ANCHORAGE — Heavy Web traffic and software glitches prevented some Alaskans from obtaining health insurance from the online federal marketplace Monday, the last day to sign up for coverage under President Barack Obama’s health care law.
Enroll Alaska, a broker created to help enroll individuals in private health insurance, had signed up more than 2,300 Alaskans as of Monday, said Tyann Boling, the chief operating officer. That’s well short of the goal of signing up 8,000 Alaskans by the midnight deadline. People who don’t enroll in time may face a penalty from the Internal Revenue Service.
“It has been an incredible struggle to get the information and education out to individuals across the state,” Boling said.
Alaska decided not to create its own marketplace and instead allowed the federal government to run it.

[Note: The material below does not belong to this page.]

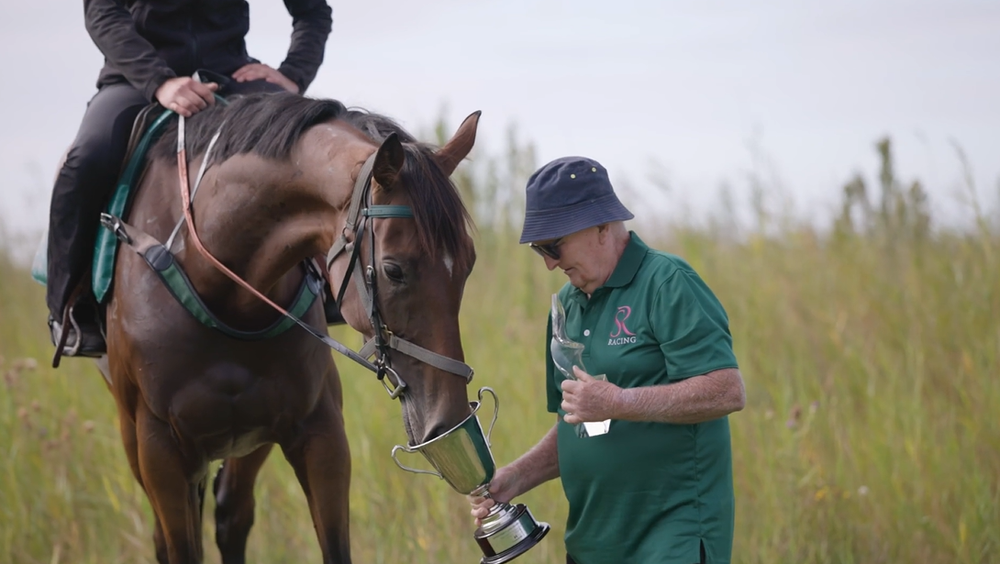 Gift horse gives battling owner Adelaide Cup dream post image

Boling said that was the correct choice, given the small population of Alaska, but the federal government didn’t help communicate the message of the Affordable Care Act and its impact.
“There was no campaign from the federal government,” Boling said. “You didn’t see any commercials from Obama saying, ‘Go out and get enrolled.’ There was no money spent in our state from the federal government on education,” she said.
That left Enroll Alaska and two other organizations, the Alaska Native Tribal Health Consortium and United Way, to educate Alaskans.
Boling expects the number of enrollees to increase, since those who encountered technical problems will have two additional weeks to enroll.